Un prélude à l'enfer
Passant aux abords de la Porte de Clignancourt et de son « marché aux puces » à mi chemin entre Bamako et Blade Runner, j'aimerai beaucoup que l'une de ces salopes de bobos bien pensants m'explique en quoi cet étalage de misère crépusculaire est un « enrichissement mutuel », une « chance » et une « opportunité » pour qui que ce soit. Des nègres à quatre pattes vendant des demies paires de chaussures, des bouts de ferraille et des souvenirs de lampes repêchés dans les poubelles des bourgeois, tentant d'extorquer deux ou trois sous à d'autres puent-la-sueur entassant leurs précieuses acquisitions dans des sacs Tati... c'est quoi exactement l'idée, le concept, le projet ? La prolifération d'un lumpen prolétariat déraciné pourrissant le quotidien et l'environnement d'une population autochtone en voie de précarisation ? La création des conditions d'un chaos civil et d'une guerre entre pauvres assurant la prorogation du règne des nantis accapareurs qui chantent les louanges de ce crime contre les identités et les peuples ?
Mais non, encore une fois, c'est moi qui n'ai rien compris.
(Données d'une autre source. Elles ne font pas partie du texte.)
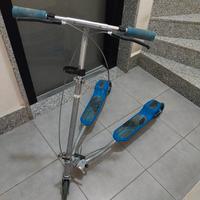 bipattino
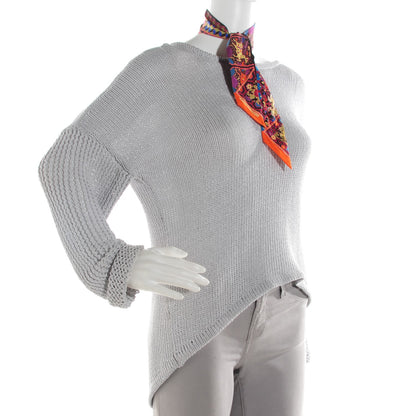 Hermes Silk Collections Imperiales Twilly 2 of 5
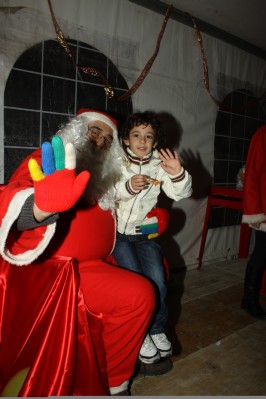 arriva_babbo_natale_2011_090.JPG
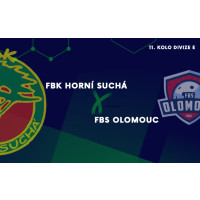 V neděli přijede Olomouc, A-tým Vás bude potřebovat!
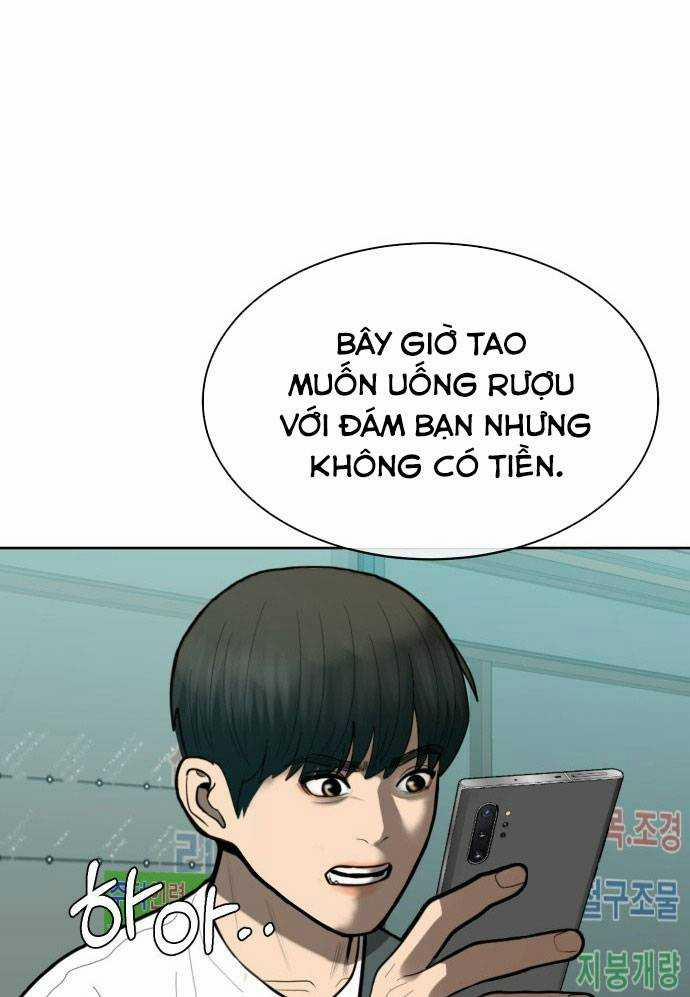 manhwax10.com - Truyện Manhwa Top 1% Chương 2 Trang 176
Si les immigrés et les clandos sont contraints de vivre comme des crevards, armée d'ombres aussi pathétiques qu'inquiétantes, c'est à cause du racisme et de la xénophobie de la société française, sans cela ils seraient tous ingénieurs en astrophysique, professeurs de lettres ou banquiers vivant dans de confortable lofts du 17e arrondissement.